An Open Letter from the SC/ST Teachers’ Forum & Concerned Faculty, University of Hyderabad to the HRD Minister

Dear Ms Irani,

Thanks to your stunning performance, we, many faculty members from the University of Hyderabad, are compelled to do what we should have done in the last one month or so, but could not bring ourselves to – write, write about Rohith, write about our other students, write about the state of academics, write about ourselves and write about society at large. Our first acknowledgement to this therefore goes to you for revealing yourself and for bringing us back from grief, from reflection, from teaching and from various other mundane things we do as part of our job.

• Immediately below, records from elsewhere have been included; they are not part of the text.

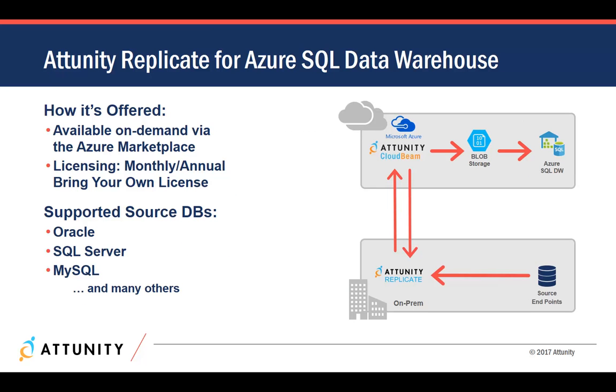Attunity Replicate is available on the Azure Marketplace to support data loading into Azure SQL Data Warehouse. Let's walk through the process to replicate data from an Oracle source to Azure SQL Data Warehouse.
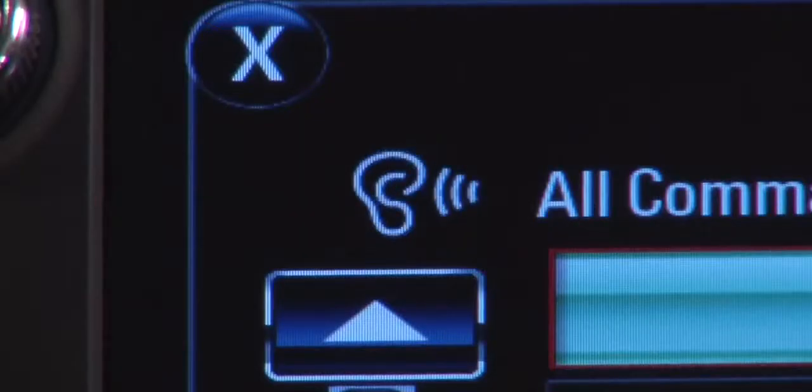To expand the list, touch or speak a command. While voice recognition is active, the voice recognition symbol lights up.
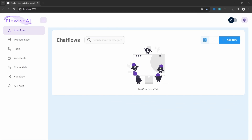In this video, I will show you how to create a chatbot similar to ChatGPT without writing a single line of code using FlowWise AI. This means that you will be able to have back and forth conversations with the chatbot, and we will also have a look at storing and retrieving multiple conversations just like ChatGPT.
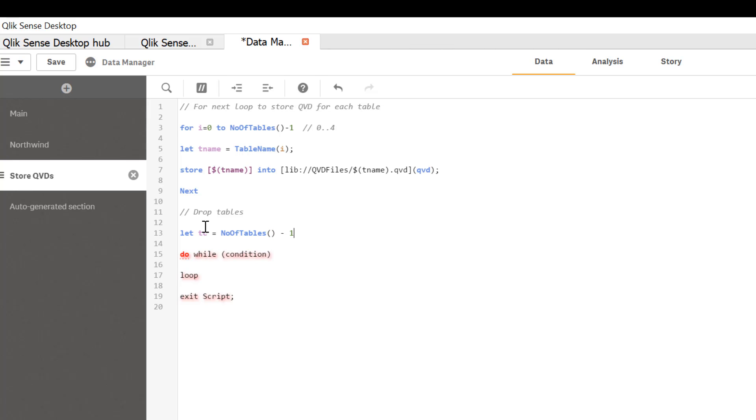Again if you don't know why minus one, I recommend you watch the previous video in which I explained. But just to reiterate, table number starts at zero in Qlik Sense in QlikView. So you need to subtract minus one to include the first table. So that's our variable.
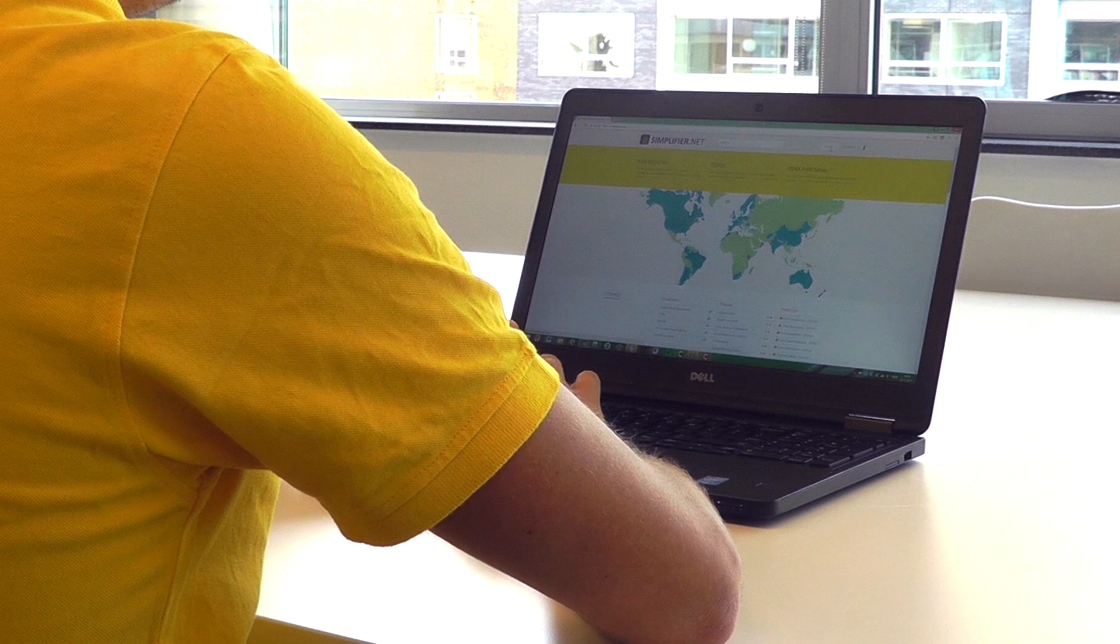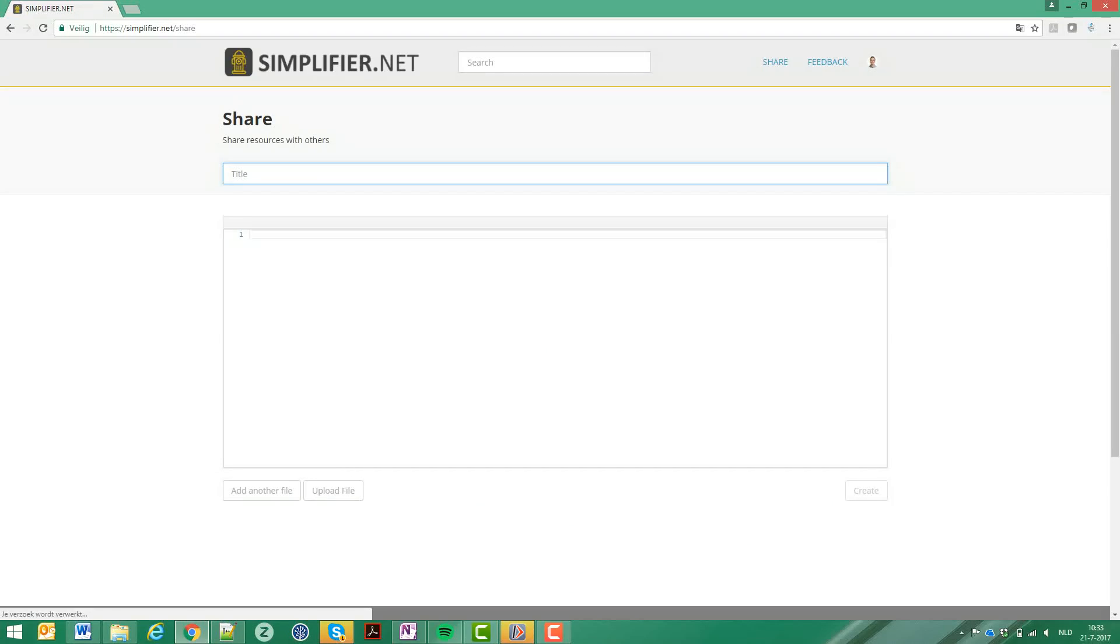Let me show you how it works. You need to give a title for your share. I have created a profile on an observation resource for tobacco use. Then in the editor below you can enter your work.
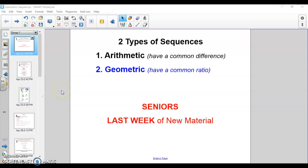Moving right along with sequences and series, we're going to look at geometric sequences next. This week will be a quicker video since it's the same type of process, just a different formula. A heads up for seniors: this is your last week of new material, you're still done May 13th. There should be no new material the week of May 11th. Juniors will have two more weeks after this, so three weeks total of material.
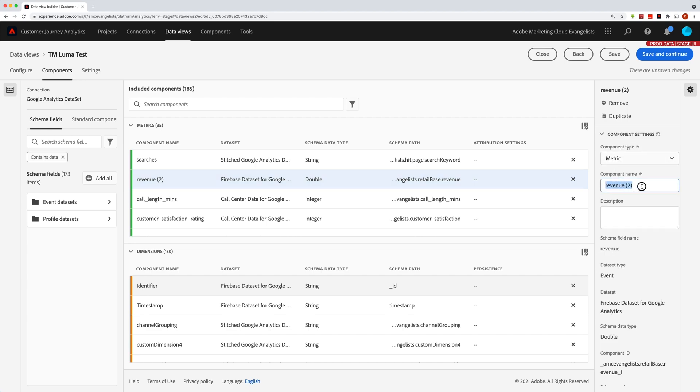That's bugging me, so I'm going to change that to orders. But in any case, these settings allow you to do some really great things with Customer Journey Analytics. I hope those tips were helpful, and you have a great day.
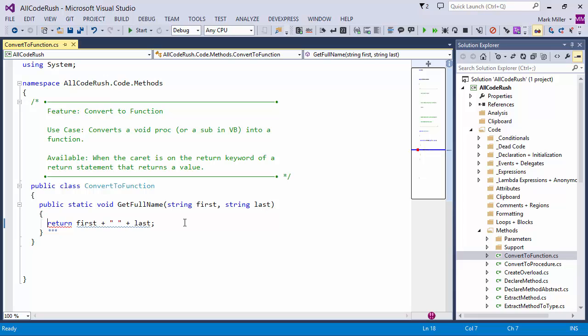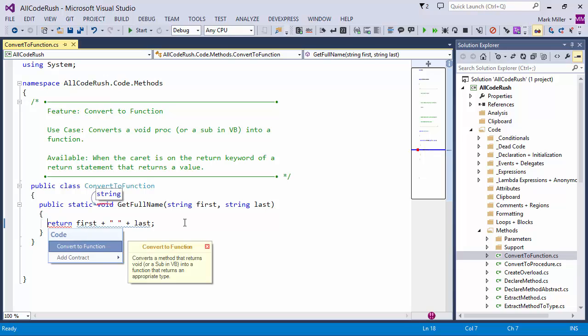All I do is just specify the expression I want to return like we've got here. Put the caret on the return keyword, hit the CodeRush key and choose convert to function. There you can see it evaluates the expression to the right of the return keyword.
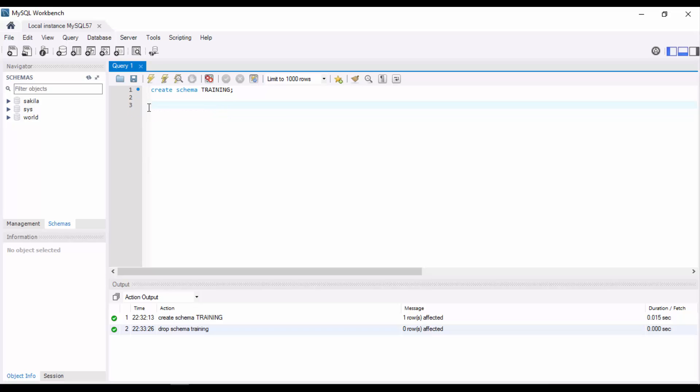In the next video we will see how to create a table, alter it, and drop the table, which is basically DDL - data definition statements. Okay, thank you guys. Just like and subscribe.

As we watched you in disbelief on our TV screens on February 24, you in a voice choked with emotion, again and again referred to the "child" whose death has been used as a political weapon. We were left bewildered. At what precise point, Madam Minister, did this sinister, anti-national, casteist Dalit student of the University of Hyderabad transform into a child for you?

Definitely not in those five rejoinders from MHRD between September 3, 2015 and November 19, 2015 with the subject line, "anti-national activities in Hyderabad Central University Campus"? Definitely, not when you chose to overlook and endorse what can only be read as extra-ordinarily aggressive and unfounded allegations by a minister in your own government, Mr. Bandaru Dattatreya?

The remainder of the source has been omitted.